Valentino Parlato, lotta dura senza paura ai tre commissari liquidatori?
«Gli accordi era altri. Andare avanti fino a settembre, e poi valutare insieme lo stato dell´arte. Invece ecco senza alcun preavviso materializzarsi il fogliettino, pochissime parole: dichiariamo cessata la vostra attività aziendale. Perfino su carta intestata del manifesto l´hanno confezionato, il fax tombale».

Il giornale che chiude se stesso. E voi?
«Mica ci arrendiamo. Ne abbiamo viste e superate di crisi, in quarantuno anni di esistenza, anche se questa è più brutta. Ci vogliono morti e invece il giornale continuerà a vivere. E´ la risposta alla serrata dichiarata dai tre liquidatori: il manifesto sarà regolarmente in edicola».

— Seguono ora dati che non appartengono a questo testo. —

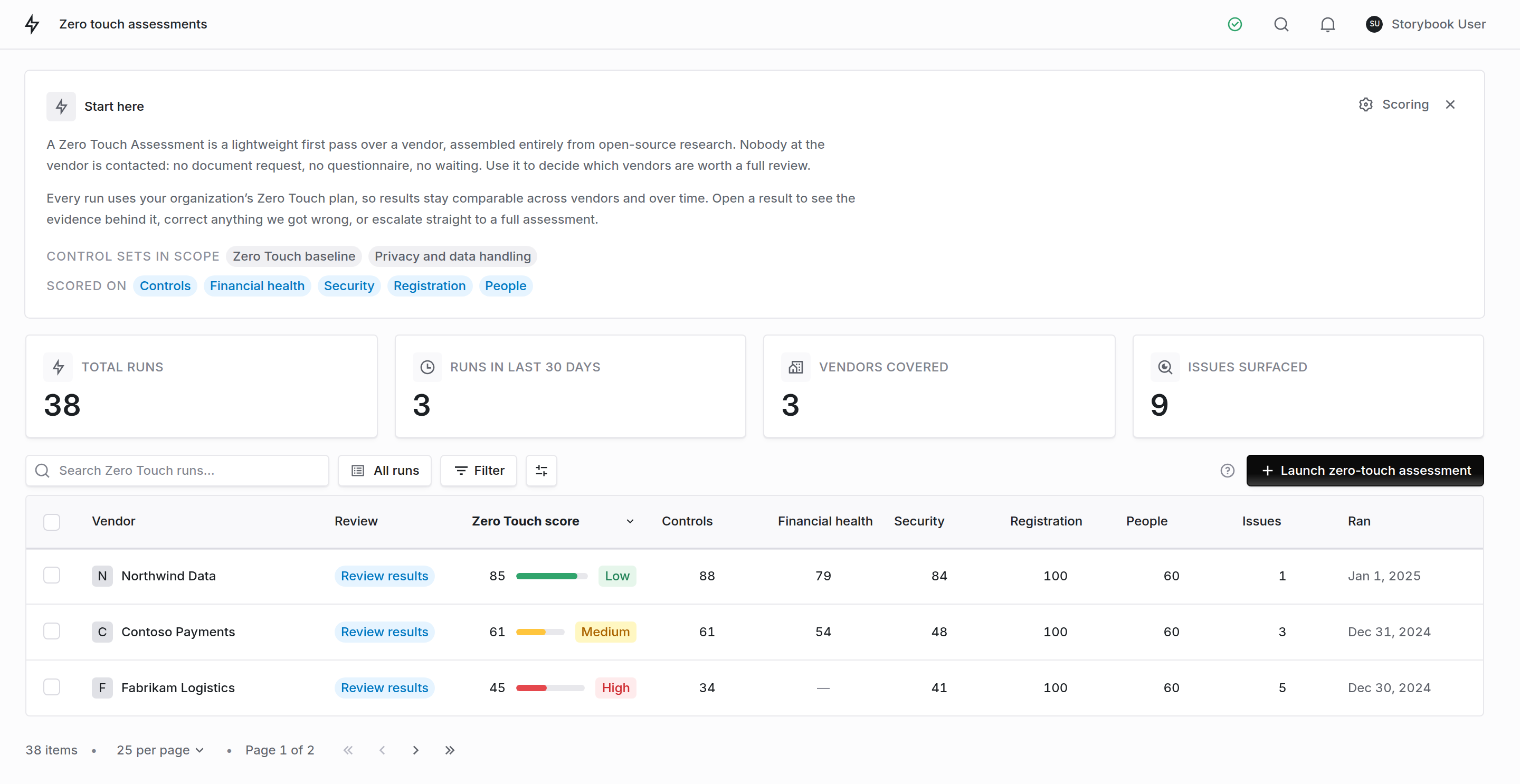The Zero Touch runs table, listing vendors by composite score with per-component columns for controls, financial health, security, registration and people.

Rischiate che in via Bargoni si presenti qualcuno con i sigilli in mano?
«Sarebbe grottesco, ma certo tutto è possibile. Pure le guardie in redazione per chiuderci a forza».

Un piano pensato per mettervi a tacere?
«Non dico questo. Però è strana la spallata improvvisa. O quei tre semplicemente non sanno quel che fanno oppure è una prova di forza per costringerci a mettere mano ai licenziamenti. A questo punto, dobbiamo saltarli».

E in che modo?
«Rivolgendoci direttamente al ministero dell´Economia, al ministro Passera. Già domani forse avremo degli incontri. Rischiamo il paradosso di essere sopravvissuti all´era Berlusconi, al quale certo non dobbiamo dire grazie, e di morire al tempi dei Professori».

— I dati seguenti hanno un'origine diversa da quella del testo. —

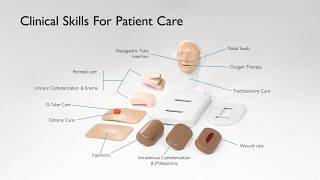 Modular Skills Trainer - Clinical Features
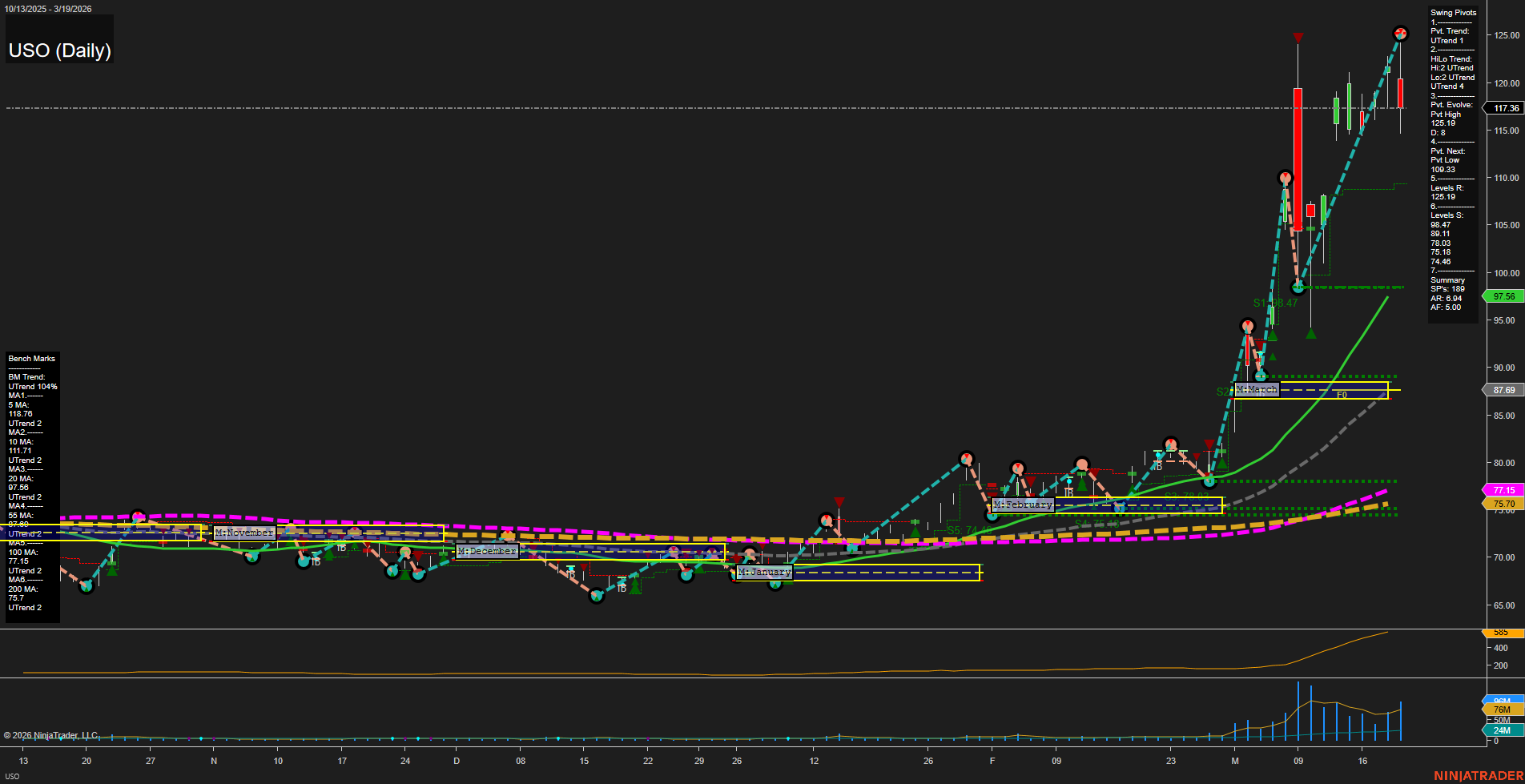 USO United States Oil Fund LP Daily Chart Analysis: 2026-Mar-20 07:11 CT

Però i vostri conti vanno male.
«Sì ma siamo in ripresa. 18 mila copie vendute, gli abbonamenti crescono, la rete di solidarietà resiste. L´altra sera a Perugia in poche ore abbiamo raccolto 3 mila euro. Lanceremo presto una sottoscrizione speciale».

E il finanziamento pubblico al vostro giornale, che è una cooperativa?
«Spero che finalmente qualcosa si muova, che il governo non tagli l´ossigeno, ma noi non possiamo toccare un euro. La gestione della cassa passa tutta quanta dai liquidatori, dalle penne agli stipendi».

Tagli?
«Siamo in 70, fra giornalisti e poligrafici. Un po´ troppi effettivamente, ma la riduzione è già prevista. Però valutando le singole situazioni personali, su base concordata, e con la cassa integrazione a rotazione per tutti. La crisi non è certo solo nostra, ma di tutta la stampa, e di quella di sinistra in particolare».

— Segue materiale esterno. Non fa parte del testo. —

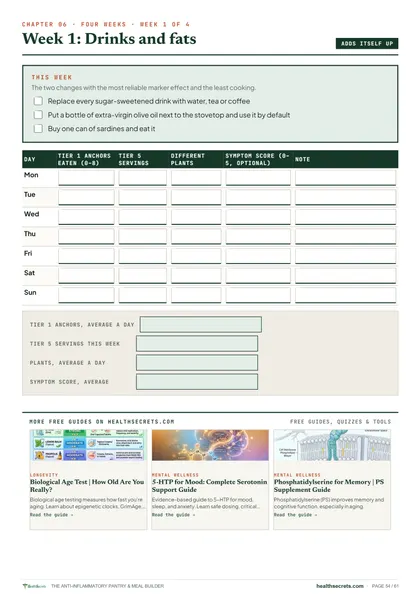 Anti-Inflammatory Pantry & Meal Builder: Week 1 of the tracker: it adds itself up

Non sarà colpa anche, come aveva suggerito pure la Rossanda, della vecchia etichetta "quotidiano comunista"?
«Rossana veramente non lo ha mai detto. La parola comunista non è un reperto archeologico, per me vale ancora come visione del mondo. Rimane uno strumento utile per tutta la sinistra. E Rossana, così come Luciana Castellina e tutto il gruppo dei fondatori del giornali, combatte strenuamente per la sopravvivenza del giornale».

Insomma il logo "quotidiano comunista" resta al posto suo, non si tocca.
«Esatto. Non mi pare del resto che la sinistra riformista se la passi tanto bene. Da noi le amministrative consegnano un quadro piuttosto cupo, anche se Bersani dice il contrario. Certo, il Pdl è crollato ma il Pd non è mica andato tanto bene. In Francia, vince Hollande ma la sinistra complessivamente non va avanti e c´è il boom Le Pen. Clima simile in Germania».

C´è ancora più spazio per un giornale radical?
«Ora più che mai, in questa stagione del governissimo, con pochissime voci fuori dal coro. E se spengono anche quella del manifesto...».